Explorer Research opens a test kitchen

The new research setting aims to be a lower-cost alternative to in-home ethnography studies.


Mississauga-based Explorer Research has created a new testing environment to help simulate a real kitchen in an effort to control research and lower costs for its clients.

The new Test Kitchen, which became operational in the past two weeks, was built to replicate a residential kitchen (as opposed to a more industrial one).

Unlike your kitchen at home, though, it’s also outfitted with 16 cameras (including inside the fridge) to capture behaviour, a large kitchen island to allow for focus groups, and neuro and biometric capabilities. It also includes a large TV screen to view content and remote viewing capabilities for clients, who can either watch studies in an adjacent room or off site.

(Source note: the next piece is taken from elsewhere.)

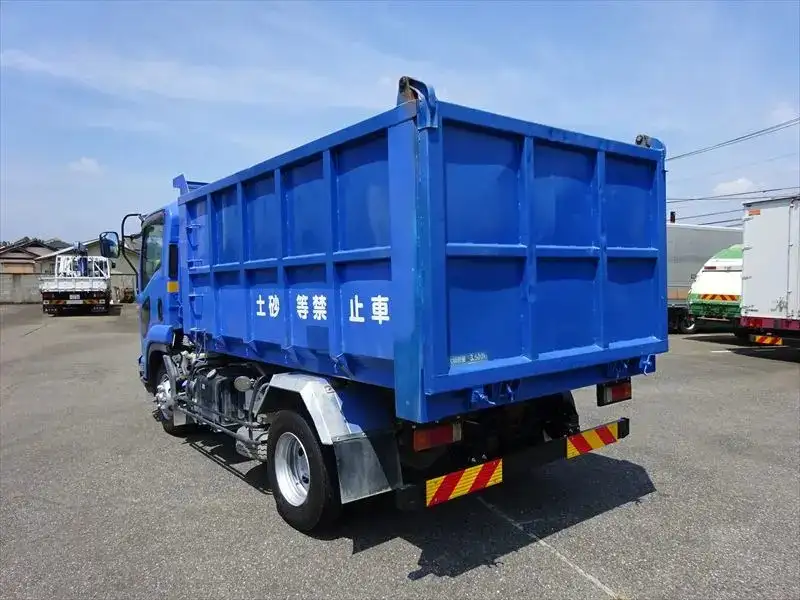 いすゞ フォワード 中型/増トン ダンプ 土砂禁 ステンレス張りの中古トラック画像5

The idea is to provide more efficient research studies. In-home ethnography research can be time consuming, since a brand can only work with one customer at a time, says Chris Whitaker, partner at Explorer Research.

It also allows for more control of the research environment, he says. With frozen food, for example, keeping products in the right state before bringing them to test in consumers’ homes has been challenging.

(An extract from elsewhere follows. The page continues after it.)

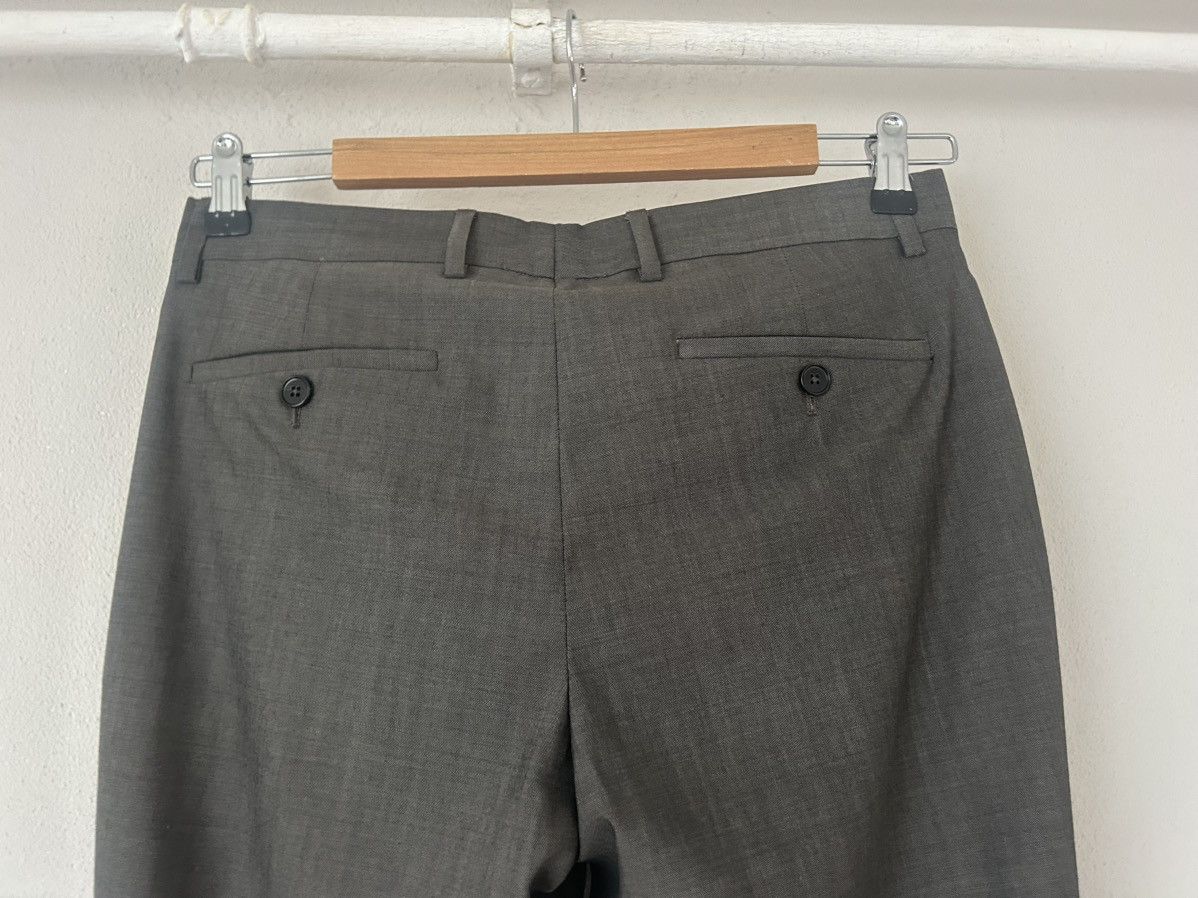 Maison Margiela Maison Margiela Gray Wool Trousers Size US 28 / EU 44 - 6 Thumbnail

While Whitaker acknowledges that behaviour might differ from how someone acts in their own home, he says it isn’t likely to be a major difference since the kitchen was built to feel residential.

The Test Kitchen project has taken about nine months to execute and hasn’t been used on a specific client study yet. Explorer works with brands directly, as well as with consultancy firms and shopper marketing agencies.

The kitchen will be used for CPG and beverage studies, in particular for projects such as sensory evaluation, cooking usage insights, packaging functionality and design testing, and recipe development and testing.

Explorer Research works with brands and companies such as Campbell’s, Canada Bread, Google, Hallmark, Kraft, Kellogg’s and Mattel.